Create multiple touchpoints on the user journey map. Keep it alive all the way through the design process, in the beginning, and when developing finer functionalities.

To see how a user interacts with a product and find out more about the multiple touchpoints, put yourself into their shoes.

Dig deep into the user persona to understand their pains, motivation, and goals.

 

"Get closer than ever to your customers. So close that you tell them what they need well before they realize it themselves."

- Steve Jobs

 

The questions you can ask about your users’ experiences during their journey are literally endless. Each question can provide an insight that you can use to further advance your business goals by linking it with a user need.

Of course, you cannot endlessly explore and ask questions. When the time for action comes, you need to have neatly packed records and insights, which you will turn into frictionless product flow and helpful features. For that, you need technology.

 

.  .  . 

 

5. Use automation tools

 

 

The “whys” behind users’ behavior stem from the instinctive, unconscious processes. You may be more interested in the “hows” delivered as outward actions and events on your user journey map.
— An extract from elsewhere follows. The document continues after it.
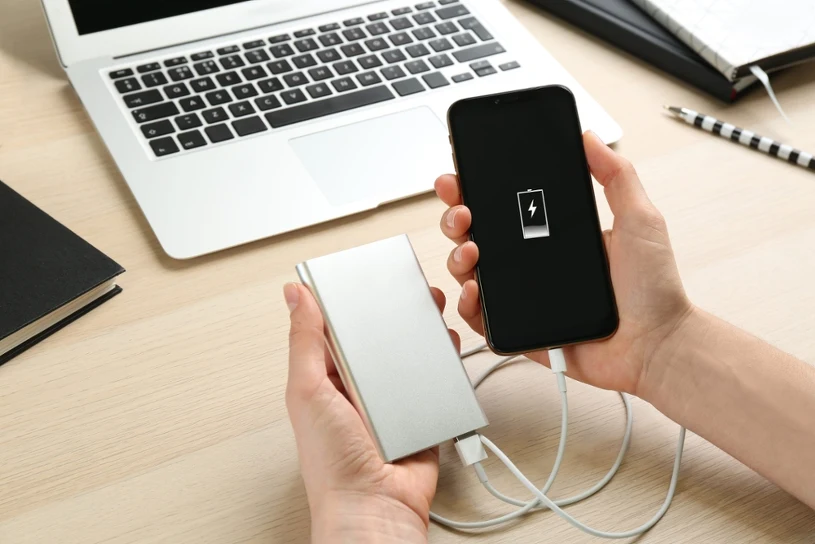 Telefon gwałtownie się rozładowuje? Oto pożeracze baterii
Let technology do the work.

Behavior analytics software consists of sophisticated algorithms that can examine complex interactions between touchpoints. It produces metrics you might not have been aware of if you had been relying on exploring those relationships yourself. Doing the process manually, on pen and paper or digitally in Excel, is worthwhile but inevitably less powerful or less “intelligent” than software.

To stay on top of all that overwhelming customer behavior, make your software tools both the start and end point of the analytical process.

 

.  .  . 

 

6. Iterate

 

 

Don't underestimate the value of feedback. Feedback from software platforms or from in-app interactions, for instance, contains tons of value-packed data you can use to pierce through the “hows” and get into the “whys.”

Use these treasure banks to fine-tune your journey maps, revamp your business goals, and enhance your products.

 

.  .  . 

 

7. Don’t assume, check

 

 

Remember, your user’s perception matters more than yours. You can always analyze emotion-driven KPIs and observations behind the action.

However, you need to be focused on how the user perceives the product you think you have delivered and see if your perceptions match.

Garnering deep insights into the relationships between unconscious and deliberate action and surgically-precise user journey mapping are just a part of the solution. When such deeper insights into the product design process are supported by powerful analytics software, you won’t need to dedicate as much energy to the “whys” of user behavior. These seven steps can help you separate the wheat from the chaff of user data, as well as help you gain valuable knowledge to improve conversion and retention rates and increase your customer lifetime value.